More articulation agreements with more universities are also opening up new pathways for students, Garnsey-Harter said. Shoreline recently aligned with a new online degree at the University of Washington and is expanding agreements with Grand Canyon University, Portland State University and the University of Phoenix, she said.
Director of Safety and Security Robin Blacksmith paraded in front of the crowd in hardhat, safety vest and a backpack full of emergency gear as her introduction to a new effort to identify and train a small army of “evacuation monitors.”
“I need 74 volunteers,” Blacksmith said. “We are a large campus with lots of buildings so I need one for every building and then backups.” The idea, she said, is that every building will have people with knowledge and equipment in the case of an emergency that requires evacuation.
Blacksmith also touched on an upgraded emergency messaging system called Connect 5, online and in-person safety training that is being developed, reviewing options for added door locks and then asking everyone to have a personal emergency preparedness kit at work.
“They used to say three-days, three-ways, that might not be good enough anymore, but anything can help,” she said.
Director of Financial Services Stuart Trippel introduced one new word, ctcLlink, and added some more that warmed the hearts of many longtime college and system employees: “The HP is going away.”
The state uses an antiquated computer system known as the “HP 3000” to keep track of most business and student services. Earlier this year, the state awarded a contract that will bring new technology and new processes to Shoreline and the rest of the state’s colleges.
“Don’t think of ctcLink as an IT project,” Trippel said. “This is a new process project. The biggest issue facing us will be managing the change.”

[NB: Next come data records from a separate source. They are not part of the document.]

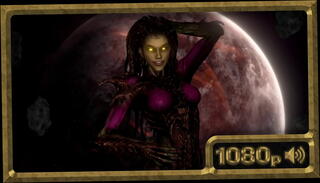 Video 1607061155: 3d alien, 3d uncensored, alien girl, alien ass, alien tit, 3d girl dance, 3d monster girl, haired 3d, mature 3d, 3d hd, ass girl teasing, girl dancing striptease, striptease long hair, slim girl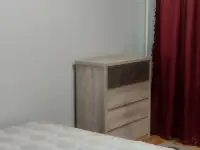 сдам в аренду квартиру, Назарбаева, 76, фотография 8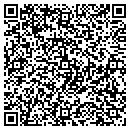 QR code with Fred Salem Fabrics contacts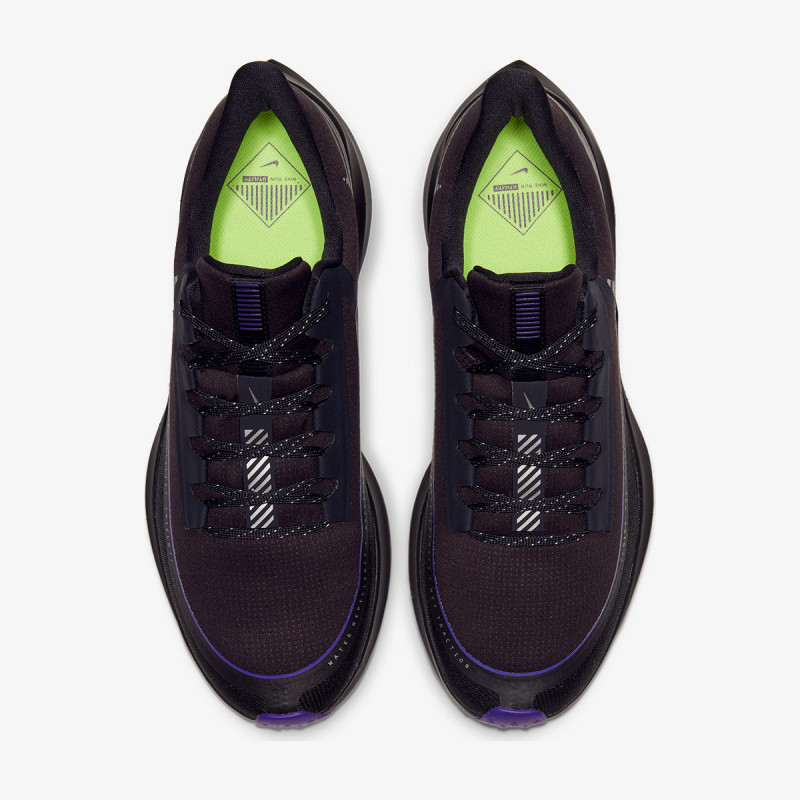 Nike NIKE ZOOM WINFLO 6 SHIELD 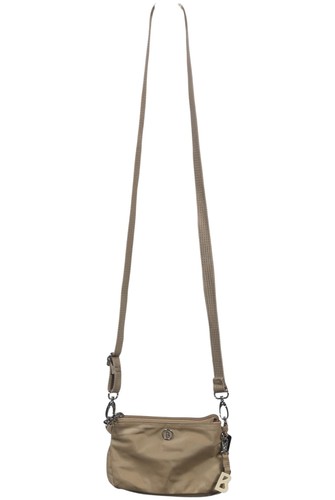 Bogner handtasche damen - bogner,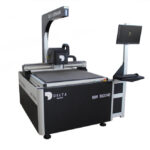 foto Delta RBR1000 HD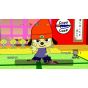 SONY PARAPPA THE RAPPER PLAYSTATION 4 PS4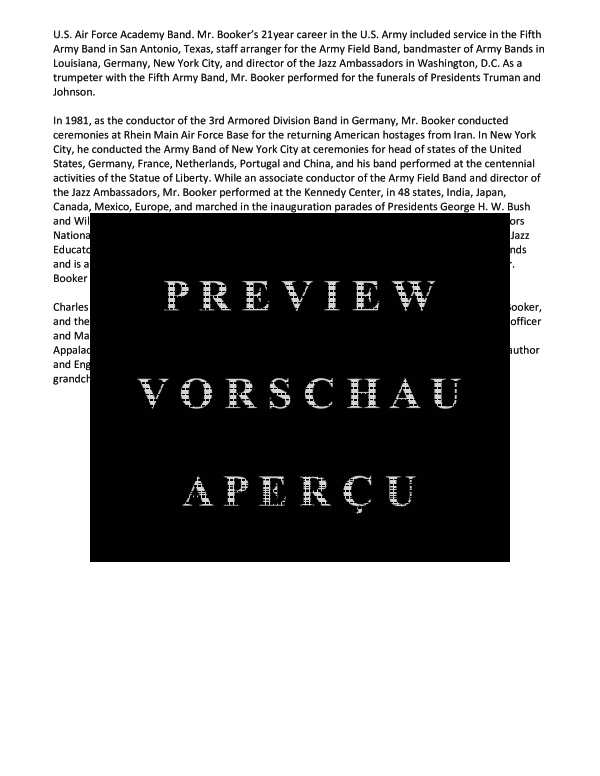 Product gallery: Page 5 of 11 Joan of Arc (Concerto), , (flute and piano)
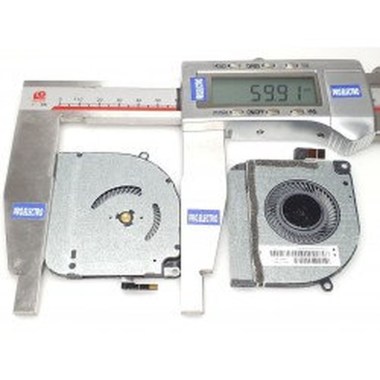 24-01-ventilateur-cpu-fan-hp-split-13-13-p-eg50040s1-c330-s9a-kdb0505hc-da1k.jpg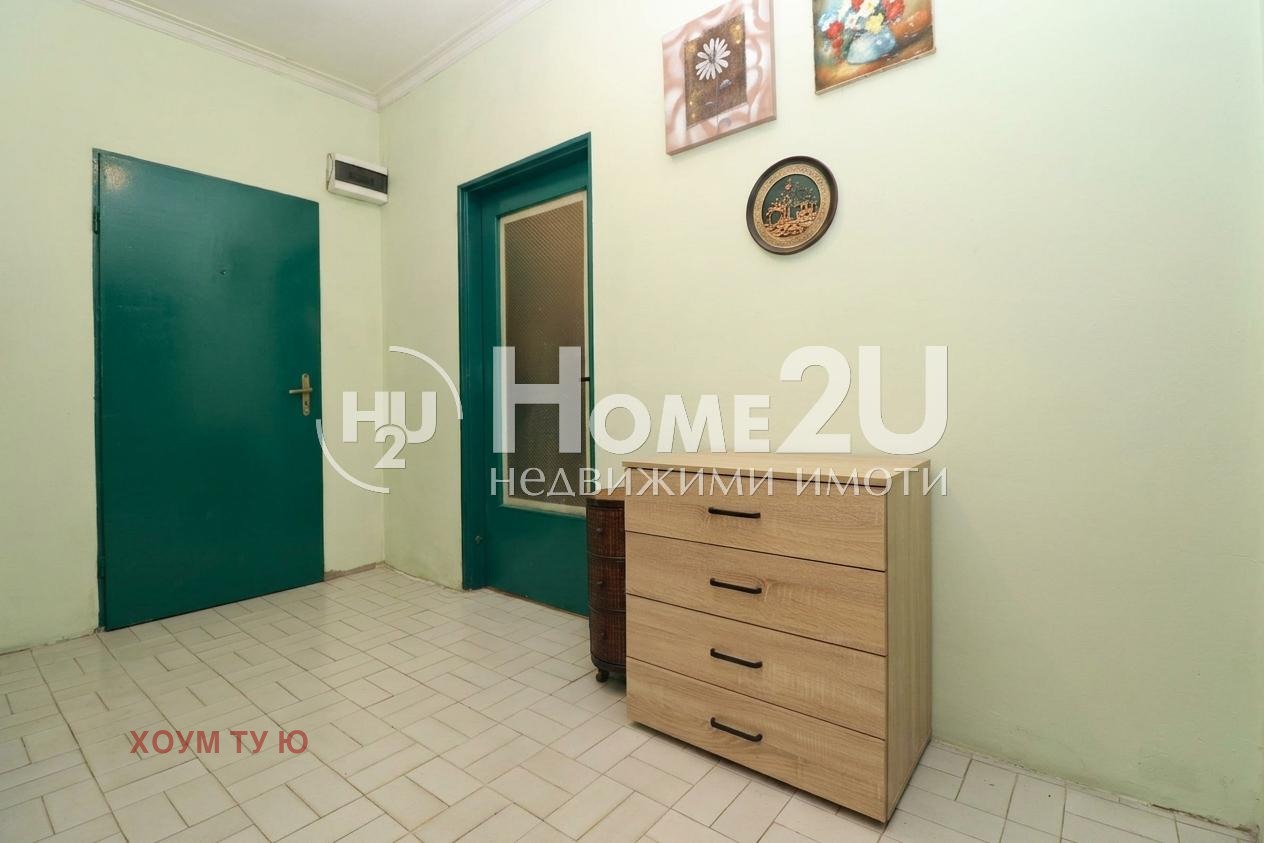 Продава 3-СТАЕН, гр. София, Люлин 2, снимка 7 - Апартаменти - 55667066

During the question-and-answer session that followed the presentations, Lambert was asked about the Pima job and whether he would take a raise if the Shoreline Board of Trustees made him a counter offer. Amy Kinsel, faculty union president, asked if he would turn down any offered raise as a sign of solidarity with other employee groups who haven’t had pay increases in recent years.
A group of students holding signs stood behind out-going Student Body Association President Kanpong Thaweesuk as he made a similar request. A student, Sean Prather, also asked Lambert if he would turn down such an offer if made.
“I did not ask the trustees for a raise,” Lambert said. “It is not my intent to seek such a raise. My intent is to stay focused on student success.”